In this role, the AG performs a quasi-judicial function for authorized opinion requestors seeking legal answers outside the judicial process. Governmental bodies may follow an AG opinion’s advice and courts give AG opinions “great weight,” but AG opinions don’t have the force of law and are not binding on courts.
AG opinions can be superseded, overruled, or modified by statute or overruled or modified by a later attorney general. Since Ken Paxton became Attorney General in 2015, he has issued almost 400 opinions and four of those opinions have been superseded or overruled by statute. During Greg Abbott’s tenure as Attorney General (2002-2014), he issued 1,096 opinions and 24 of those were superseded, overruled, or modified by statute. The AG’s website tracks opinions that have been overruled, modified, affirmed, or withdrawn.
How can I request an Attorney General opinion?
The AG won’t issue an opinion for just anyone—only to statutorily authorized requestors, typically the chair of a legislative committee or agency head. Section 402.042 of the Texas Government Code lists the officials authorized to request AG opinions:
- the governor;
- the head of a department of state government;
- the head or board of a penal institution;
- the head or board of an eleemosynary institution;
- the head of a state board;
- a regent or trustee of a state educational institution;
- a committee of a house of the Texas Legislature;
- a county auditor authorized by law;
- the chairman of the governing board of a river authority; and
- a district or county attorney.
If you want to request an AG opinion but aren’t an authorized requestor yourself, you should reach out to an authorized requestor to submit the question to the AG.
An opinion request can be submitted by email to email@example.com or by certified or registered mail to the address listed on the AG’s website.
Can I provide input to the AG on a pending opinion request?
Yes. Once an opinion is requested, anyone can submit briefing to the AG. The Opinion Committee also identifies parties who might be interested in the request and solicits briefs from them by sending a copy of the opinion request and the request-acknowledgment letter.
A list of pending opinion requests is available on the AG’s website. The AG requests that briefing be submitted by email to firstname.lastname@example.org. All briefing and materials submitted are subject to the Texas Public Information Act, which means they could be released to a member of the public upon request.
How long does it take for the Attorney General to issue an opinion?
Generally, the AG must issue the opinion within 180 days after the request is received. But the AG can extend that deadline by notifying the requestor that the opinion will be delayed and stating the reasons for delay.

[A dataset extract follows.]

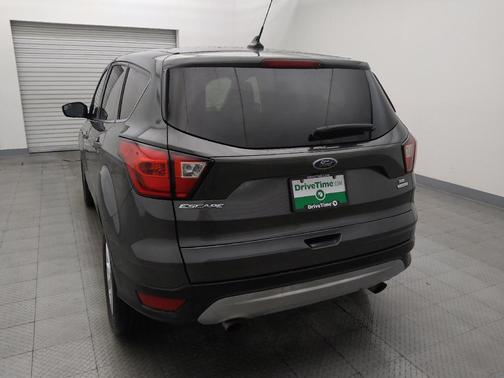 Magnetic Metallic 2019 Ford Escape SE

Does the Attorney General himself actually write the opinion?
Generally, no. Each opinion request is assigned to an assistant attorney general who is a member of the AG’s Opinion Committee. That drafter provides an initial draft to the Opinion Committee and the Deputy Attorney General for Legal Counsel. The Opinion Committee reviews and discusses the draft, offering suggestions for revision and, at times, alternative conclusions. Once the Opinion Committee review is complete, the draft is distributed to the General Counsel Division and other divisions within the Office of the Attorney General that have expertise or an interest in the subject matter of the request. Then the draft is reviewed by the AG’s Executive Division and, finally, the Attorney General himself.
 Freedom From Religion Found., Inc. v. Mack, 4 F.4th 306, 310 (5th Cir. 2021) (although AG opinions do not control later-issued judicial decisions, they are entitled to great weight in Texas courts); Commissioners Court of Titus County v. Agan, 940 S.W.2d 77, 82 (Tex. 1997) (AG opinions are persuasive but not controlling on the courts).